Coyotes Troubles Continue

The NHL’s Phoenix Coyotes may have made it to the Western Conference finals before being knocked out of Stanley Cup contention by the Los Angeles Kings, but Glendale, Ariz., officials are having to sweeten the pot to lure a buyer willing to keep the team in town.

City officials are negotiating a Jobing.com Arena lease agreement that would give a potential buyer of the team, whose former owner filed for bankruptcy protection, $17 million a year to manage the arena, according to Bloomberg News. The NHL took ownership of the team for $140 million when Coyotes owner Jerry Moyes filed Chapter 11 in 2009. Another potential buyer made an offer but with plans to move the team back to Canada.

The NHL stepped in, and Glendale agreed to subsidize the Coyotes’ losses until a new buyer emerged. Valued at a league-low $134 million, the Coyotes’ annual losses clock in at $24.4 million, despite a playoff run, according to Forbes.

Wanting to keep the team in cash-strapped Glendale, yet needing to offer financial incentives to potential buyers, poses a tricky problem for the city. It also underscores the inherent risks cities face when they offer such incentives.

Glendale offers the $17 million management deal even as it struggles to close a $32 million budget deficit, laying off 49 workers and considering a sales tax rate that would make it one of the highest in the nation, Bloomberg reports. Complicating the issue is the Coyotes’ failure to meet expectation in years past.

“They said under the worst conditions financially, we would make over $100,000 on the arena each year,” city councilman Phil Lieberman told Bloomberg. “How could it go wrong? It would cost us nothing.”

Instead, subsidizing the Coyotes losses has cost the city some $25 million a year. And complicating the issue further, the ownership group that built Jobing.com and the nearby Westgate City Center retail, residential and hotel complex only completed one-third of the development.
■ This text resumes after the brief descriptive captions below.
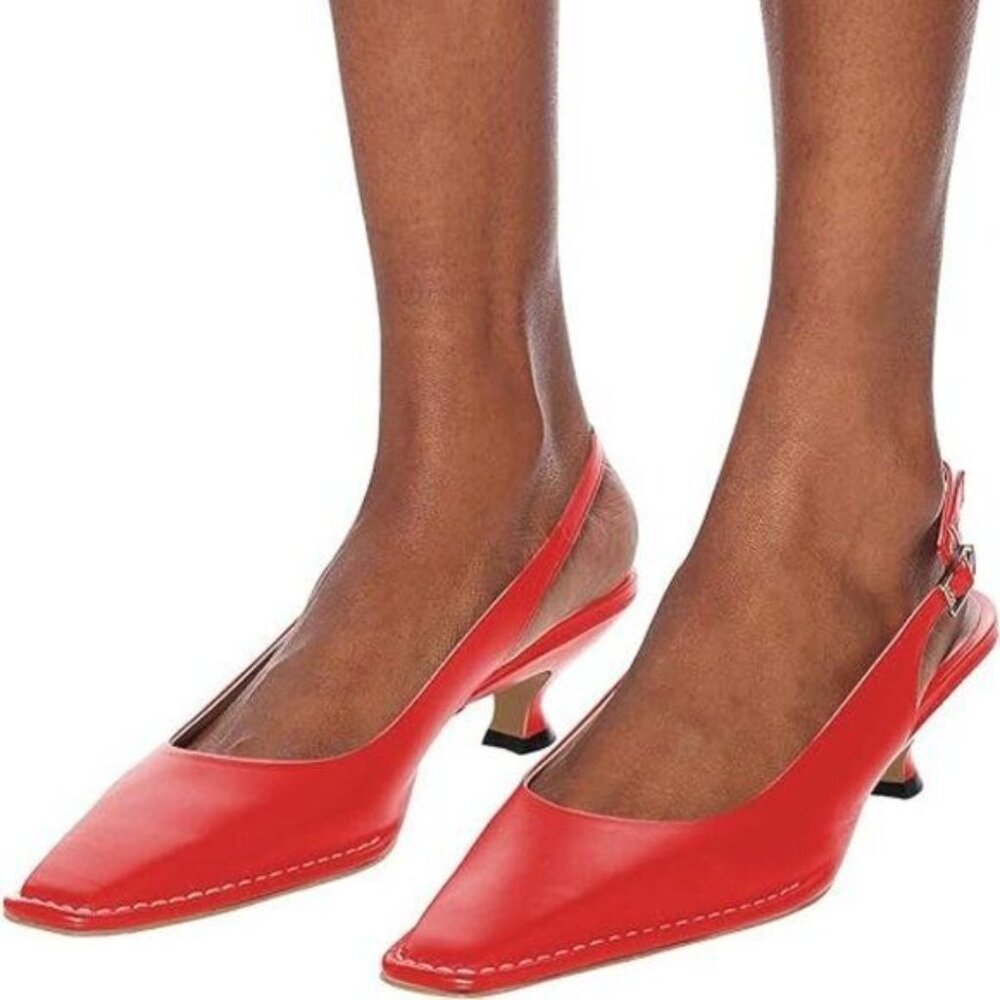 XYD Bright Red Pointed Slingback Kitten Heels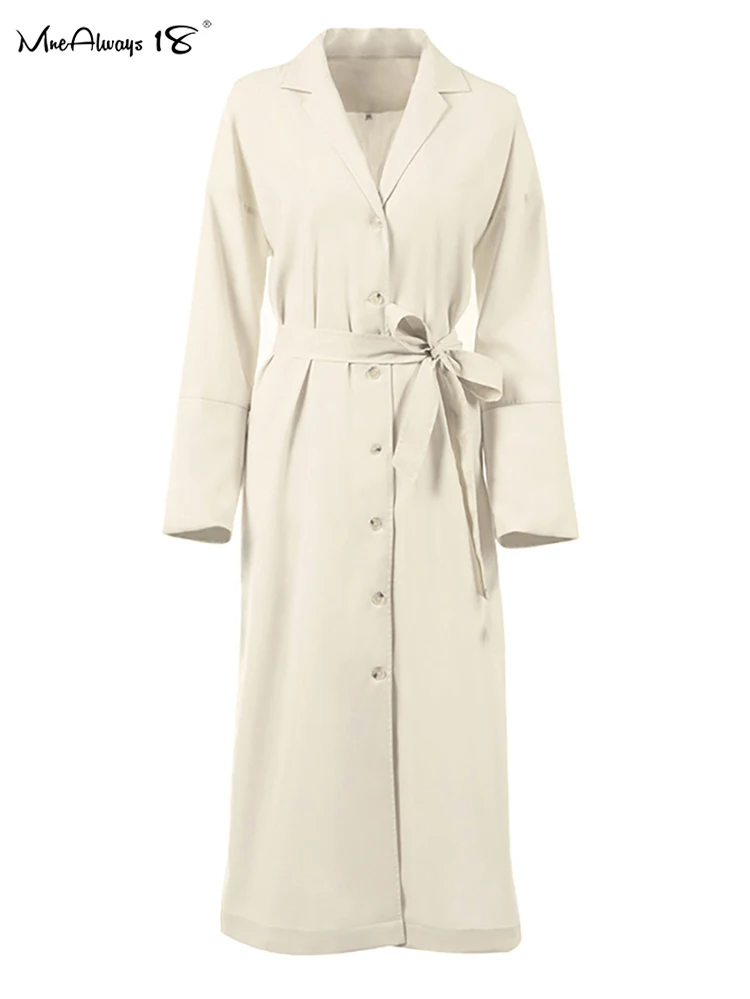 Mnealways18 Elegant Beige  Trench Coats Thin Fashion  Long Jackets With Sashes H - £152.41 GBP
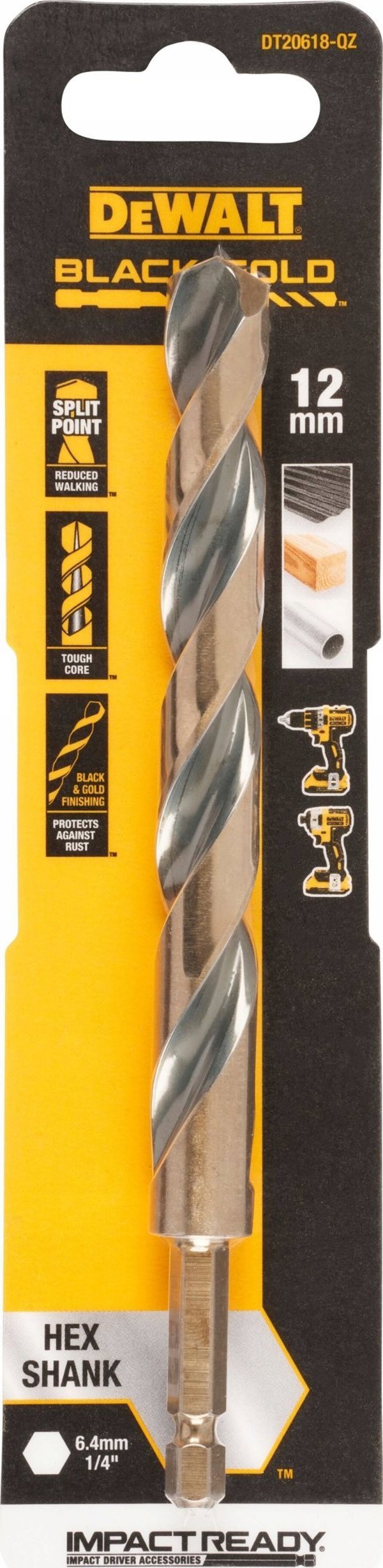 Τρυπάνι Dewalt 8,0mm μαύρο και χρυσό εξάγωνο 12940827 5054905301835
Arena bonds were to be paid by sales taxes generated by Westgate.

“They’ve got a a big hole in their budget to keep the ice hockey team in town,” Tim James, an economics professor at Arizona State University, told Bloomberg.

The NHL announced it has reached a tentative agreement with a potential buyer, former San Jose Sharks CEO Greg Jamison, after the Coyotes advanced to the conference finals for the first time since the franchise moved to Arizona, according to Bloomberg.